(AIM OF THE EXERCISE) For the records shown below, return an exact copy that excludes the pictures.

[Web page caption snippets]

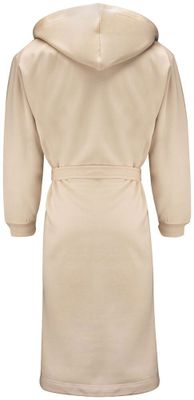 Morgonrock College Beige Kosta Linnewäfveri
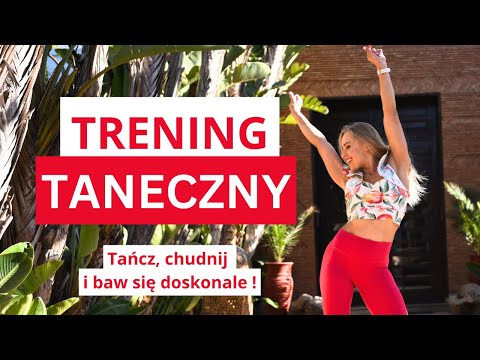 Intensywny Trening Taneczny dla początkujących | Tańcz, chudnij i baw się doskonale!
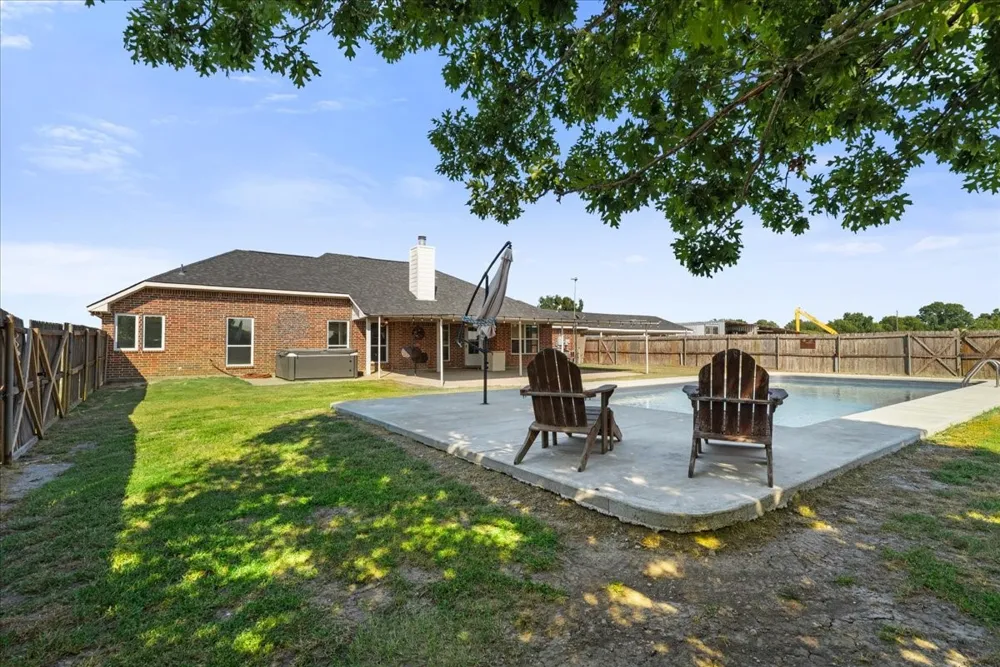 3411 Fm 636 Kerens, TX 75144
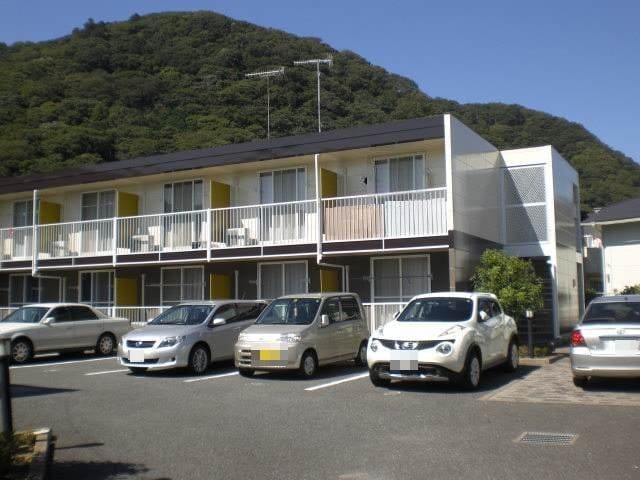 レオパレス湘南Aの写真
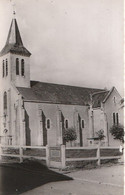 VOUNEUIL-sous-BIARD. - L'Eglise. CPSM 9x14 - Vouneuil Sous Biard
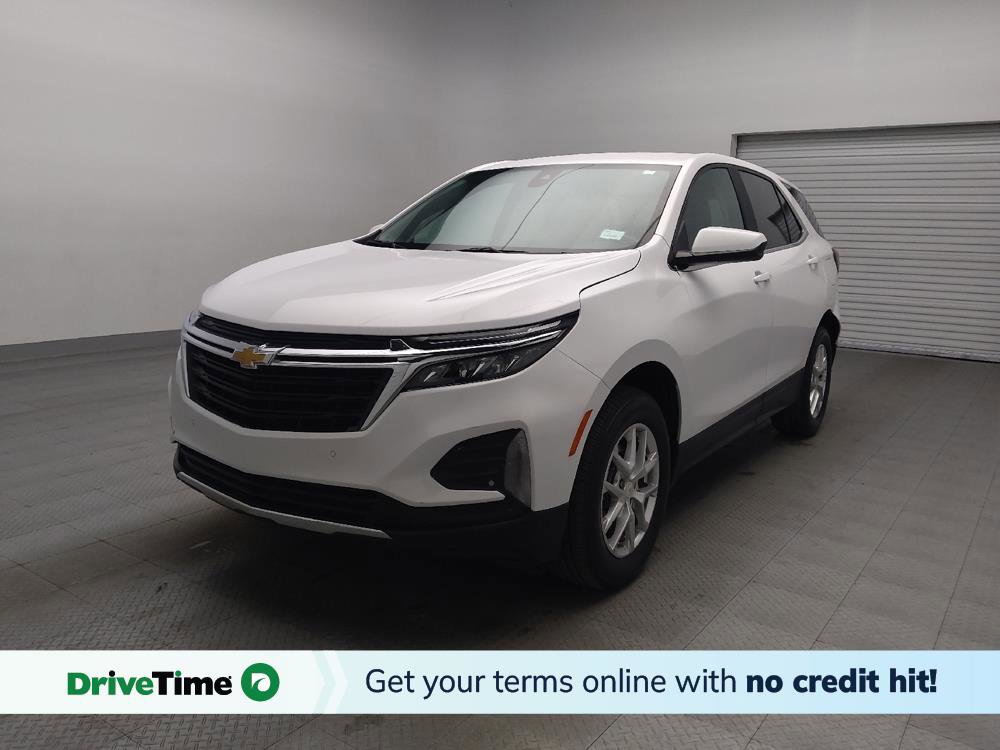 Used 2024 Chevrolet Equinox LT image 1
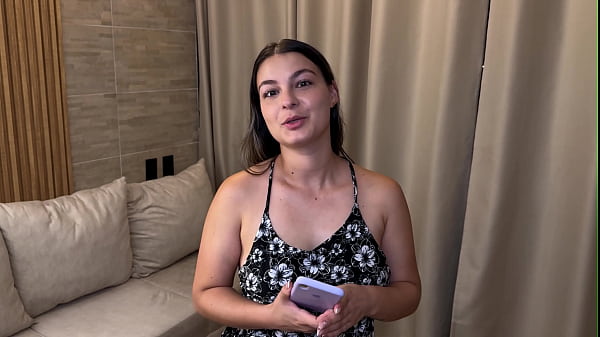 Download Video - Don't cum inside me&excl; Stepbrother discovers her Stepsis and asks him to fuck her while the parents are away&comma; creampie&excl; Liatovar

(FINISHED EXERCISE)
 Morgonrock College Beige Kosta Linnewäfveri
 Intensywny Trening Taneczny dla początkujących | Tańcz, chudnij i baw się doskonale!
 3411 Fm 636 Kerens, TX 75144
 レオパレス湘南Aの写真
 VOUNEUIL-sous-BIARD. - L'Eglise. CPSM 9x14 - Vouneuil Sous Biard
 Used 2024 Chevrolet Equinox LT image 1
 Download Video - Don't cum inside me&excl; Stepbrother discovers her Stepsis and asks him to fuck her while the parents are away&comma; creampie&excl; Liatovar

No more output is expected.